Only getting feedback from current customer is a form of selection bias, which creates a false impression of the larger market and the needs of people and organizations who are not your customers. The product teams needs to understand the requirements of potential customers who do not buy your product; this is information that –by definition– cannot be found among your current customer base. Without this data, the product team is at risk of creating a narrow product that only meets the needs of early adopters.

Unlike the product manager you, the sales engineer, have access to two type of prospects who hold the key to your company growing it’s market and appealing to new types of customers. They are…

  1. Prospective customers who you disqualified after discovery. These customers failed to meet the definition of a qualified opportunity for technical reasons. For example, they might require that your service runs on Microsoft Azure but today it is only available on AWS.

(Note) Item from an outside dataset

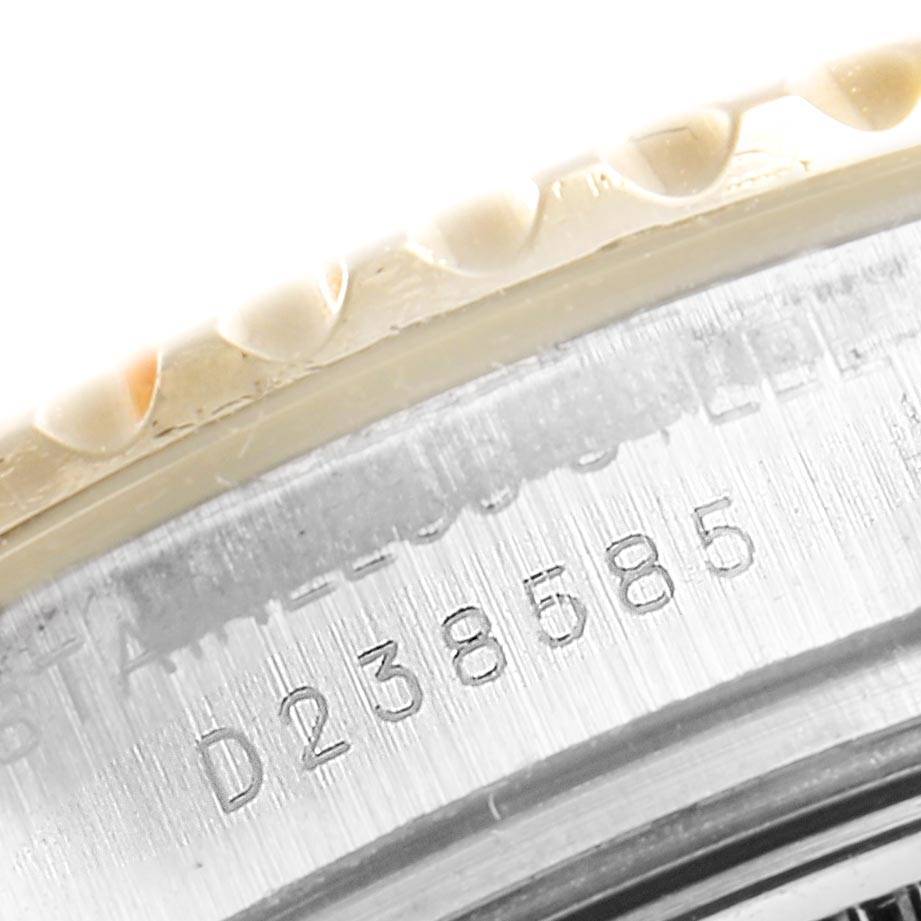 The image shows a close-up of the Rolex Yacht-Master 169623 Women's Steel and Gold (two tone) Mother of Pearl Dial 169623 Women's Steel and Gold (two tone) Mother of Pearl Dial watch, focusing on the engraved serial number and part of the bezel.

    As a sales engineer one of your jobs is to technically qualify opportunities. This usually means talking to prospective customers and reading RFPs. Along the way you will find some opportunities where your current product is not a good fit. Perhaps your product lacks support for an up and coming database technology or maybe you’ve had inquiries from government agencies but you’ve learned that –by law– they require accessibility features not present in your product. These are they types of requirements that your product management team can easily miss.

    (I’ve blogged about the SE’s role in disqualifying opportunities… read more here.)

  2. Prospective customer who disqualified you at some point during the sales cycle. These can be more challenging to document because prospects do not always share why they didn’t pick your product and the reasons might be political, not technical. Nonetheless, when you do lose a deal –and it happens it everyone– the best thing you can do to salvage the time and energy you’ve invested is to gather all the information you can to (a) improve your sales process and (b) improve your product.

Feedback, with a price tag

It’s your job as a sales engineer to capture the technical and functional requirements you could not fulfill and channel them into the product management process. When possible, you should also try to quantify the opportunity size or revenue potential of the business you are missing.

For example… “We disqualified three opportunities last quarter because we do not support Android. The average size of each opportunity was roughly $200,000.” That’s the sort of feedback your product team needs.

The process for submitting this feedback will vary from company to company. At a startup it will be direct and informal. At a large company there may a few layers of organizational cruft between sales engineers and product management but there also should be a formal process for submitting product feedback.

When I join a new company, one of the questions I’ve learned to ask is “What’s the best method for channeling feedback into the product team?” If you are an SE manager, this is a good topic to review with your team and to discuss with new hires… for all of the reasons mentioned above their input into the product development process is highly valuable.